Nel giro di appena due anni, tra il 2023 e il 2025, il costo del denaro e il valore dei risparmi degli italiani hanno cambiato volto.
Mentre la Banca Centrale Europea ha abbassato i tassi di interesse per stimolare l’economia, gli effetti per famiglie e risparmiatori si sono rivelati tutt’altro che immediati.
Chi sperava in un alleggerimento dei mutui o in conti correnti più remunerativi, si è trovato davanti a un quadro tutt’altro che lineare.
A raccontarlo è l’ultima indagine della FABI – Federazione Autonoma Bancari Italiani, che analizza come si siano mossi i tassi tra prestiti, mutui e depositi nel triennio 2023-2025.
Mutui in discesa, ma non troppo
Nel settembre 2023, nel pieno della stretta monetaria europea, un mutuo da 100.000 euro a 25 anni costava in media 548 euro al mese, con tassi oltre il 4,2%.
La BCE manteneva il costo del denaro al 4,5% per frenare l’inflazione, ma questo significava meno credito e più spese per chi sognava casa.
Poi, dal 2024, la musica è cambiata: Francoforte ha iniziato a tagliare i tassi, portandoli al 3% a fine 2024, con rate medie scese a 484 euro.
Ma nel 2025, pur con un tasso BCE al 2%, la rata media è tornata a 492 euro, segno che i benefici non arrivano subito alle famiglie.
Le banche, infatti, non trasferiscono automaticamente i tagli della BCE sui propri tassi: tra costi di raccolta, prudenza e margini da difendere, la trasmissione della politica monetaria resta lenta.
L’inversione dei tassi: quando le banche ci guadagnano
Nel 2023 il tasso BCE era persino più alto dei tassi medi sui mutui.
Oggi, due anni dopo, la situazione si è ribaltata: i mutui hanno tassi medi superiori a quelli BCE.
In pratica, il denaro per le banche costa meno, ma ai cittadini non viene concesso a condizioni più favorevoli.
È la nuova normalità del credito: mentre la BCE alleggerisce la politica monetaria, gli istituti mantengono i propri tassi elevati, per cautela o convenienza.
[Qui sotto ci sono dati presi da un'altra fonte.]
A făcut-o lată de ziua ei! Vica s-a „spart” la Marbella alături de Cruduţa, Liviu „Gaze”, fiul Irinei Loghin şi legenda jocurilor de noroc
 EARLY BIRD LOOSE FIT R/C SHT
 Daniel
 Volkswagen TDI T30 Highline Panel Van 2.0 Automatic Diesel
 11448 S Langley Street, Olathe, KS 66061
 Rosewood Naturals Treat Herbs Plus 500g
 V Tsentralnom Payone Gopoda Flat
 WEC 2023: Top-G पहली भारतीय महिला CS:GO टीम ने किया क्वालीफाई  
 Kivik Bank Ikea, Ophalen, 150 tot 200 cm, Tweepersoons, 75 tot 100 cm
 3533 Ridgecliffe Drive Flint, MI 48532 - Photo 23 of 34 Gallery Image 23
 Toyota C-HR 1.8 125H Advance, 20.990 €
Conti correnti: rendimenti prossimi allo zero
Se i mutui si sono mossi, anche se lentamente, i conti correnti sono invece rimasti immobili.
Nel 2023, con un tasso BCE al 4,5%, i depositi a vista rendevano appena lo 0,47%.
Nel 2024, con tassi al 3%, quasi identico: 0,46%.
E nel 2025, con il costo del denaro sceso al 2%, il rendimento medio è crollato allo 0,27%.
Tradotto: anche se i tassi scendono, i risparmiatori non ne vedono i benefici.
Anzi, con un’inflazione superiore ai rendimenti nominali, la liquidità ferma in banca perde valore reale ogni mese.
Chi ci guadagna
Il vantaggio, oggi, è tutto dalla parte delle banche.
Con tassi BCE più bassi e conti correnti poco remunerati, gli istituti di credito mantengono margini elevati, mentre famiglie e risparmiatori restano ai margini del beneficio economico.
Gli italiani, però, continuano a preferire la liquidità: i conti correnti restano la forma di risparmio più diffusa e stabile, anche se non rendono quasi nulla.
Solo i conti deposito vincolati o alcuni prodotti di risparmio gestito hanno intercettato parte di questa ricchezza dormiente.
In sintesi
Tra il 2023 e il 2025, il sistema del credito ha cambiato pelle, ma non ha cambiato logica:
- i mutui si alleggeriscono lentamente,
- i conti correnti restano fermi,
- e i margini bancari si consolidano.
Una realtà che mostra, ancora una volta, quanto sia importante per i cittadini informarsi, confrontare e difendere il proprio potere economico, anche nelle piccole scelte quotidiane.